The top mandible is straight but curves down like a hawk or Victor's Beaksley. The bottom mandible is jutting out to the side and is also overgrown. I'm told that the dove can still eat on her own, but her preening ability has been compromised.

I'm going to see if I can get some pictures of this soon but I'm not sure what to suggest or do. I've never done a "filing" myself and told her to take the dove to an avian vet to have it done. Apparently she's called a few in the area, but they either said they couldn't or wouldn't do it. I'm a little leary of recommending my avian vet to be honest and I'm not sure if she'd do it anyway. 

I guess my question is & before I suggest/call my vet, how simple or hard is it? These birds seem so small to me and delicate, they aren't like my big birds that I'm used to handling. I've never filed a beak down and would be terrified to do it myself, I'd feel awful if I botched the job. 

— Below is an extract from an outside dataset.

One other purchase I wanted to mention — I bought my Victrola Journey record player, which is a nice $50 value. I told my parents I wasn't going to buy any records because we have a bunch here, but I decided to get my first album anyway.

In the meantime and until I get the pictures, any advice would be nice.

Thanks,


----------



## feralpigeon

Brad, my vet just used an emory board to file the Arch's beaks with. It isn't as
difficult as it may seem and if only a bit at a time, not going too deep, you or you're coworker should be fine. Just have some Kwik Stop or white flour or your preference on hand just in case. Also wondering if some supplements might help this dove out seeing as it is somewhat of an "on-going trauma" related
injury. Also, maybe they should be separted when this occurs.

fp


----------



## beausmammy

hi Brad,
I am an absolute novice with birds, and generally rely on you lot for advice...but..I have a fantail with a similar problem...my husband holds her and I very gently..a tiny bit at a time, snip her beak with ordinary nail clippers (for people) I did it out of ignorance rather than experience. Everyone is probably going to be horrified...but it works fine for us...I leave her beak longer rather than shorter..but do it every couple of weeks.
hope this helps
Jayne


----------



## Pigeonpal2002

Thanks FP

Just I suppose when you've never done something, it's scary and especially since it's a beak (a bird's bread and butter virtually). I would guess I'd use a very fine grain emery board for this job. 

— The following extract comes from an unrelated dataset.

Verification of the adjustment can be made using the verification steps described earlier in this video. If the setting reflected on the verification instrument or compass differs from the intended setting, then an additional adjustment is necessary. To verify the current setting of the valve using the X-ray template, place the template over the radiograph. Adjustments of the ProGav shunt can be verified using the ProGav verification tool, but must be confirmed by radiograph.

I don't think that the male has been aggressive towards her since the intial injury, but I'm not sure...will ask her and see. I think that once you've got an overgrowth beak injury, doesn't it always need maintanence for the rest of the birds' life?


----------



## feralpigeon

For the overgrowth part yes, I was thinking about the inability for the mandibles
to maintain alignment and wondered if supplements might help to strengthen
ligaments much the same as a human might take when experiencing problems of the kind.

fp


----------



## Pigeonpal2002

Thanks Jayne, 

That actually might be the best and quickest option actually. The mandibles are quite long and filing bit by bit, might be too slow and stressful. Perhaps snipping the ends off first, then filing the jagged ends down smooth might be best.

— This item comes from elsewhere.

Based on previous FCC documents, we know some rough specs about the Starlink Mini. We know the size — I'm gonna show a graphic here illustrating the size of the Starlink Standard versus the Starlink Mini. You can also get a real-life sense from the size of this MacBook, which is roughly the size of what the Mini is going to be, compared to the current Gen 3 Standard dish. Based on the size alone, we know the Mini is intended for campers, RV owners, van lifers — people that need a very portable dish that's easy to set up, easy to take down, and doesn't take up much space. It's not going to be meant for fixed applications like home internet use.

I'm just TERRIFIED to attempt it myself and because the dove seems so small and delicate. I'm used to dealing with very strong and LARGE pigeons! lol

Thanks for your idea as well, it's good to know that it could be easier than I'm anticipating. I'd like to save the woman an expensive trip and to my vet whom I'm still not overly happy with.


----------



## Reti

Before I started working at the vet's, when I was still a client there, I took in a bird with overgrown beak. I was told by my vet that they have to do anesthesia cause of the nerve supply that it is very painful (80$)
A few months ago I had to take in one of my doves with a scissored beak that had gotten excessively overgrown. The vet told me to hold the bird while he took the plier and just clipped the overgrown part of the beak. I was horrified, what about the painful nerve endings? Well, that is for clients. True my dove didn't flinch, was absolutely fine, even though she bled a little it was stopped with the styptic powder.
Ever since I am doing it myself at home.
Best to trim it when it is starting to grow a bit, it is much easier. I do it every couple of weeks.

Reti


----------



## feralpigeon

OMG, pliers? Well, the emory board gets quite a bit off at a time, but I really
don't know how much overgrowth you're talking about. A different vet told me
that by trimming the claws of a cat regulary, the area that is supplied by blood
won't extend as far, don't know if this is true or if it would be similar w/beak overgrowth?

fp


----------



## Larry_Cologne

*Trimming beak*

Hello Pigeonpal2002,

I posted some photos (not the best quality) in a previous thread (Victor's "Introducing Beaksley") of a pigeon skull I saved from a pigeon mummy years ago.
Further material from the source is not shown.